I got another email from these people today. This is their contract. What do people think? Has anyone here submitted any work to Inkitt ? (deadline today)

I'd feel myself, that I would be putting my head into a bag re COPYRIGHT

Here is what you win, looks pretty good, but what do you lose?

Here are my initial thoughts on reading through the contract:

I'm wary of the editing section. Sounds as if they're saying you have a chance to consult with them beforehand, but that the final edits are theirs to make as they see fit. I've never had that experience. The final edits are always mine to accept or reject. Saying your original concept is not altered without your consent isn't the same as saying they will alter or edit the work as they see fit. Further down, it goes on to say they can continue to revise or edit the work as they see fit, through the life of the contract.

You're giving away all rights, including ebook and print (which most publishers do take), but also movie and audio. Plus, I'm not entirely sure what they mean by giving them the right to commercialize the book. Does this mean if they get it made into a mini-series you're SOL as far as any compensation for that? Does it mean if they sell it to a third party, you're stuck with that?

Also, I don't like the fact they can shorten the story and/or include it in anthologies or other reprints.
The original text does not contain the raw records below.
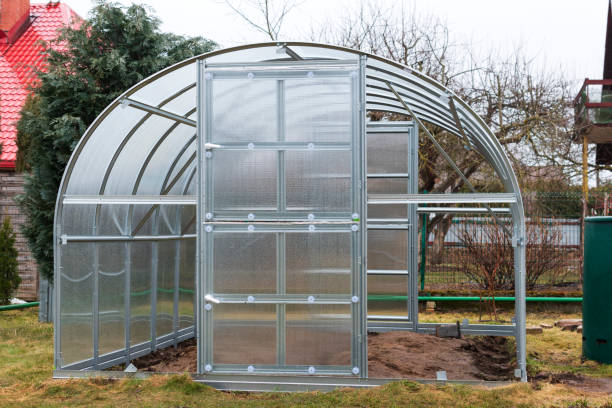 istock Side view of unfinished aluminum structure of polycarbonate greenhouse outdoors in spring. 1366240101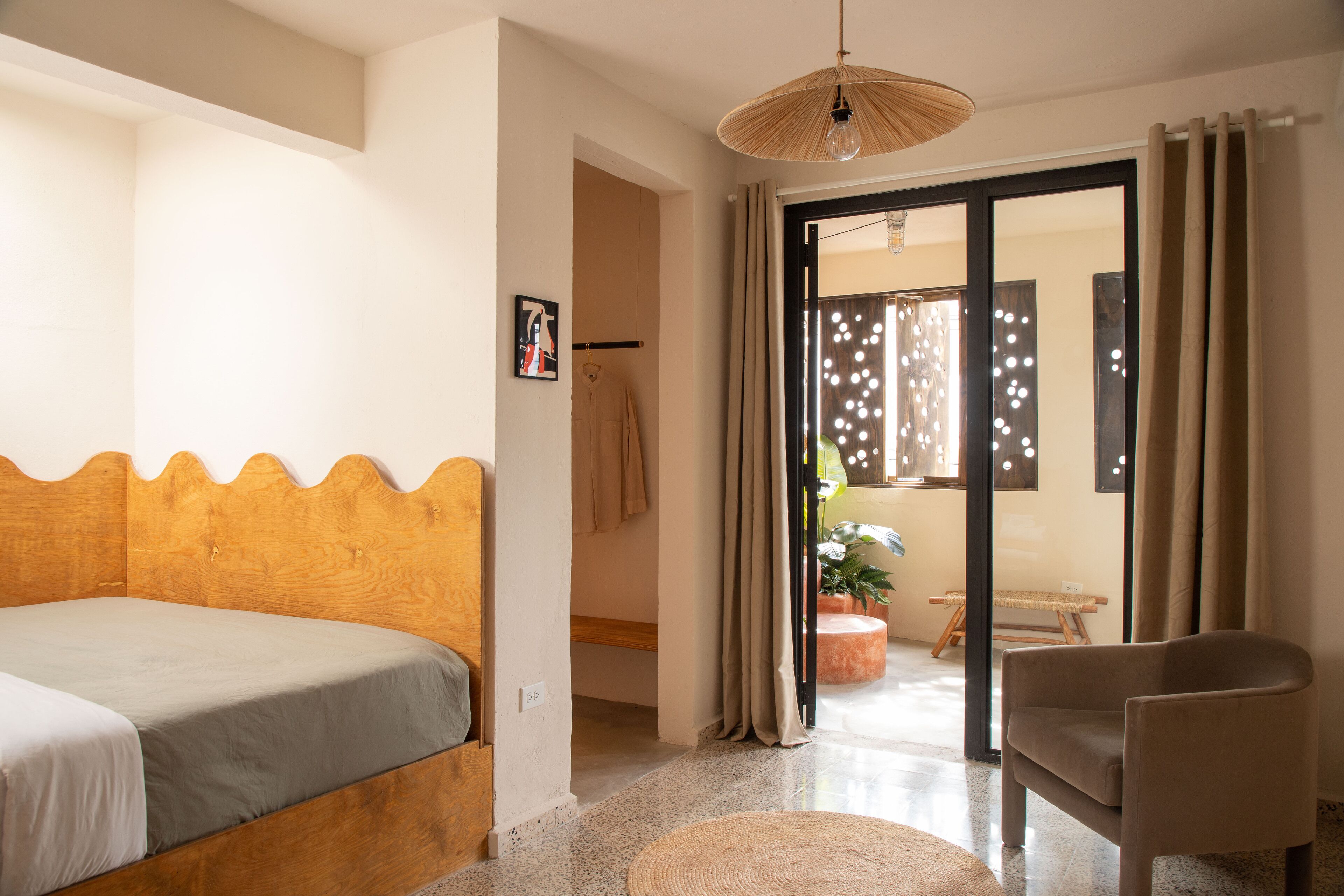 Une chambre à coucher avec une tête de lit en bois, un lit, une chaise et une porte-fenêtre donnant sur un balcon agrémenté de plantes.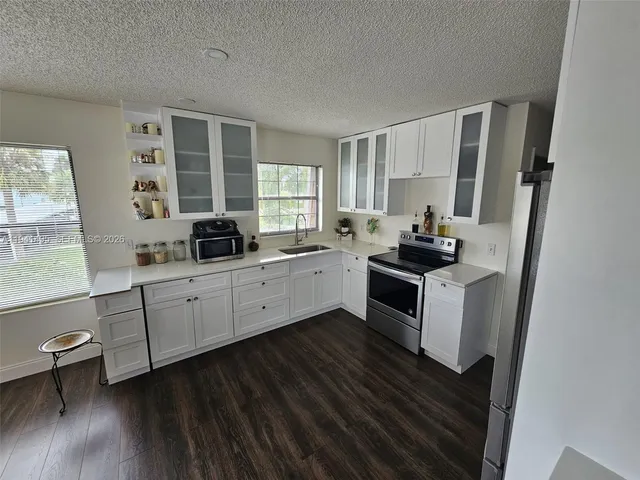 a kitchen with sink cabinets and window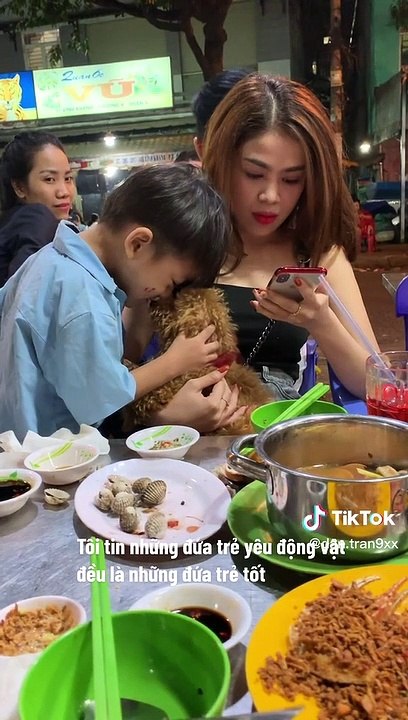 Cậu bé bán hàng rong nâng níu chú cún của khách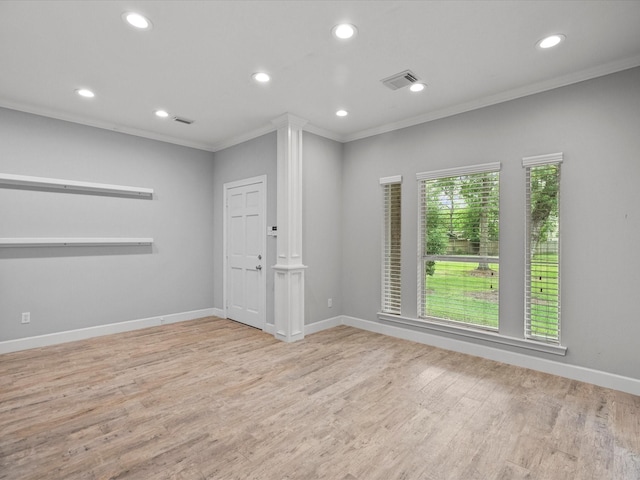 5401 Palm Dr, Dickinson, TX 77539 - unfurnished room featuring ornamental molding, recessed lighting, wood finished floors, baseboards, and ornate columns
How is the royalty structure for all of the rights you're giving them set up? I don't see that it's spelled out except for book form.

It appears you keep the copyright, but this section is not entirely clear. I'd definitely be sure the copyright stays with the author.

The royalty structure is clear as mud. They can partner with the Big Five to publish your book? Seriously? This needs further exploration and clarification.

The life of the contract is 15 years, or you may terminate if they don't sell 1,001 copies or more within one year.

And I think it's odd they stipulate a specific sum of money they will allocate toward marketing your book. What does that actually mean? Do you owe this back against royalties? It's not clear.
 
Picking up on something in there, here are Tor's Submission guidelines which also reflect a topic that came up last night re diversity in publishing & concerns re accusations of cultural appropriation.
There must be justice and an even playing field (still clannish networks on the Beeb though, aren't there. Dimbleby's, Snows and others )
Story is king, right? Write the story only you can write, and after that, let it fall out as it may.
 
Yes, all of the above. Get back to writing, and submitting elsewhere. I also was offered a contract, only to discover they weren't a real publisher. It happens unfortunately.
 
It's a VC-backed startup. Basically, unless they pivot, they seem to be all about book discovery in reverse, i.e. finding successful titles for bigger publishers to pick up. It's explained here. Interesting idea, but imho flawed in one or two serious ways. You would need a fairly strong appetite for the unknown to go with them at this stage, I think.
 
PS - if I were a gambling man, I wouldn't mind offering decent odds that they'll have to go the author-funded route if/when the VC money dries up.